■ What you should do: Print the material below exactly as it stands, please, from its first line to the line holding "A New Day Navy", with no pictures.

--- Data shown Enclosed Below ---

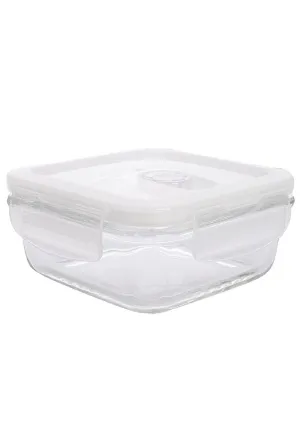 Borosilicate Glass Food Storage Container - Clear 570ml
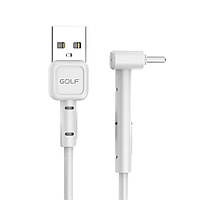 Кабель Golf USB - Type C GC-69 3A 1 метр White (90748) «H-s»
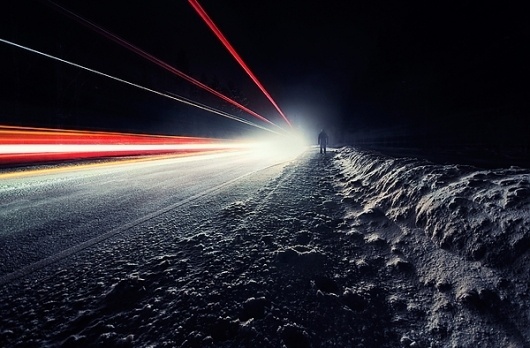 Mysterious Photography of Mikko Lagerstedt | Abduzeedo | Graphic Design Inspiration and Photoshop Tutorials #snow #exposure #night #mikko #lagerstedt #long #light #trails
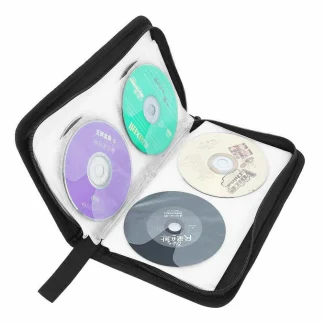 Album Storage Sleeve Dustproof Zipper Album Storage Holder Case Double-side CD DVD Storage Organizer Wallet Album Carrying Case - AliExpress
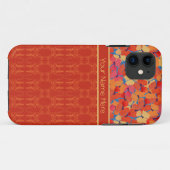 ピンクオレンジイエローポピーiPhone 5ケースメイト入りケース Case-Mate iPhoneケース (裏面(横))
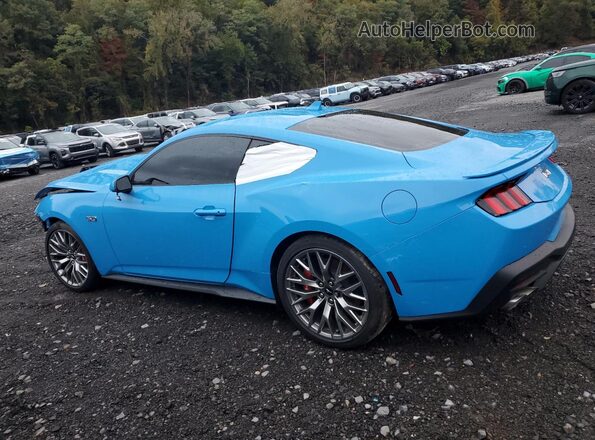 1FA6P8CF3S5407522 2025 FORD MUSTANG Blue Tył lewy
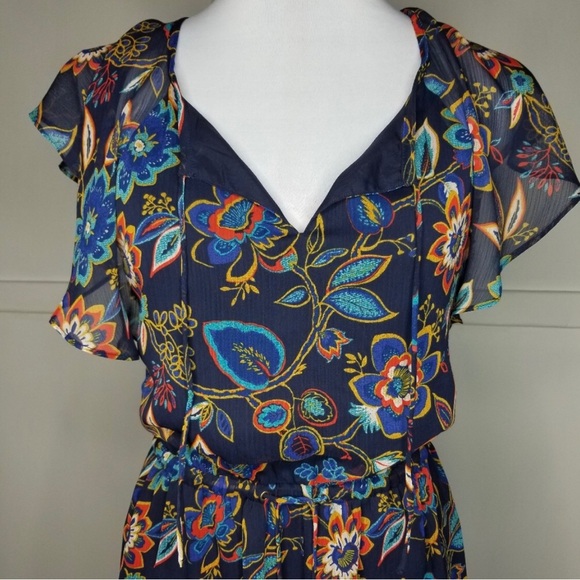 A New Day Navy Floral Maxi Dress - Picture 9 of 9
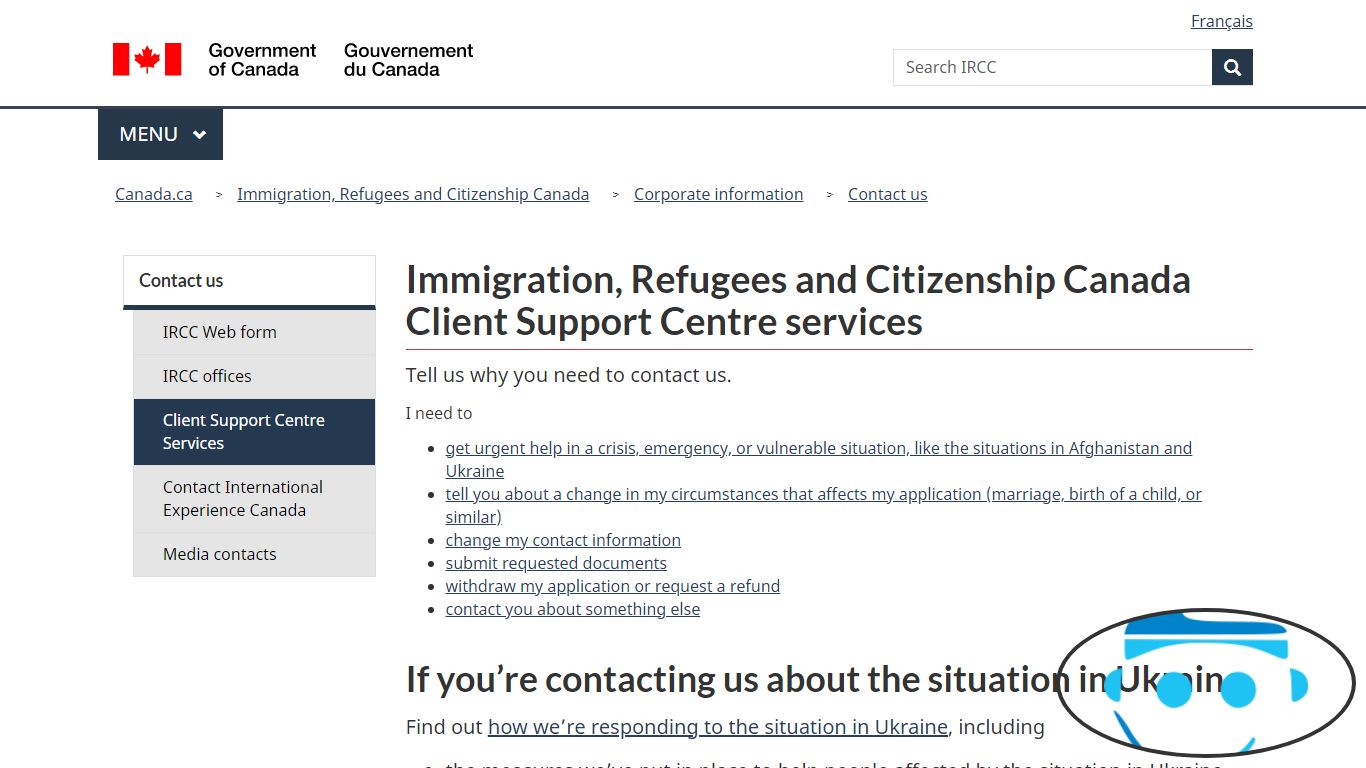 Client Support Centre services — Immigration, Refugees and ... - Canada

--- End of Enclosed Data shown ---

■ Exercise output:
 Borosilicate Glass Food Storage Container - Clear 570ml
 Кабель Golf USB - Type C GC-69 3A 1 метр White (90748) «H-s»
 Mysterious Photography of Mikko Lagerstedt | Abduzeedo | Graphic Design Inspiration and Photoshop Tutorials #snow #exposure #night #mikko #lagerstedt #long #light #trails
 Album Storage Sleeve Dustproof Zipper Album Storage Holder Case Double-side CD DVD Storage Organizer Wallet Album Carrying Case - AliExpress
 ピンクオレンジイエローポピーiPhone 5ケースメイト入りケース Case-Mate iPhoneケース (裏面(横))
 1FA6P8CF3S5407522 2025 FORD MUSTANG Blue Tył lewy
 A New Day Navy Floral Maxi Dress - Picture 9 of 9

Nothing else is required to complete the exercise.